Эта записка, вместе со всевозможными изъявлениями уважения, заключала в себе только следующие слова:
«…и Вы, Ваше величество, можете быть уверены, что ему будет предоставлен кредит и что товар будет доставлен непременно».
Итак, королева улыбнулась и сожгла записочку Жанны. Когда она немного помрачнела, побывав в обществе мадмуазель де Таверне, появилась г-жа де Мизери и доложила, что господин де Калон ожидает чести быть принятым ею.
Он был красив, высок и отличался благородными манерами; он заставлял смеяться королев и плакать — своих Любовниц. Вполне уверенный, что Мария-Антуанетта вызвала его к себе по срочному делу, он вошел, улыбаясь.
Сначала королева поговорила с ним о сущих пустяках.
— А есть ли у нас деньги, мой дорогой господин де Калон? — наконец спросила она.
— Деньги? — воскликнул де Калон. — Ну, конечно, есть, они всегда у нас есть!
— Великолепно! — отозвалась королева. — Я никогда не видела человека, который отвечал бы на вопрос о деньгах так, как отвечаете вы. Вы несравненный финансист!
— Какая сумма нужна вашему величеству? — спросил Калон.
— Пятьсот тысяч ливров, — отвечала она.
— Ах, ваше величество, как вы меня испугали! — воскликнул он. — Я думал, что речь идет о настоящей сумме!
— Так, значит, вы можете…
— Конечно!
— И так, чтобы король не…
— Ах, нет, это совершенно невозможно: все счета я ежемесячно представляю королю, но не было случая, чтобы король просмотрел их, чем я весьма горжусь!
— Когда я смогу рассчитывать на эту сумму?
— А когда она понадобится вашему величеству?
— Только пятого числа следующего месяца.
— Предписание о выдаче денег по счетам будет сделано второго. Деньги вы получите третьего.
— Спасибо, господин де Калон!
— Для меня самое большое счастье — это угодить вашему величеству. И я умоляю ваше величество никогда не церемониться с моей кассой. Это доставит чисто эгоистическое удовольствие вашему генеральному инспектору финансов!
Не успел де Калон пройти галерею, чтобы вернуться к себе, как чья-то торопливая рука поскреблась в дверь будуара королевы.
Появилась Жанна.
— Он здесь, — объявила она.
— Кардинал?.. — спросила королева, несколько удивленная словом «он», которое, будучи произнесено женщиной, означает многое.
Она не договорила. Жанна уже ввела к ней де Роана и удалилась, украдкой пожав руку своему покровительствуемому покровителю.
Оставшись один, в трех шагах от королевы, он весьма почтительно приветствовал ее так, как того требовал этикет.
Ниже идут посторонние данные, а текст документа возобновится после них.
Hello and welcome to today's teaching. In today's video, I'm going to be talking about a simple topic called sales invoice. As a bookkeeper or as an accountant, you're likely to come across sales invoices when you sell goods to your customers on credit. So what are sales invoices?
Королева, видя эту исполненную такта сдержанность, была тронута; она протянула руку кардиналу, который до сих пор еще не поднял на нее глаз.
— Мне доложили об одном вашем поступке, который совершенно загладил вашу вину, — сказала она.
— Позвольте мне, — сказал принц, дрожа от непритворного волнения, — заверить вас, что вина, о которой говорит ваше величество, могла бы обрести смягчающие обстоятельства, если бы между вами и мною было произнесено хотя бы одно слово объяснения.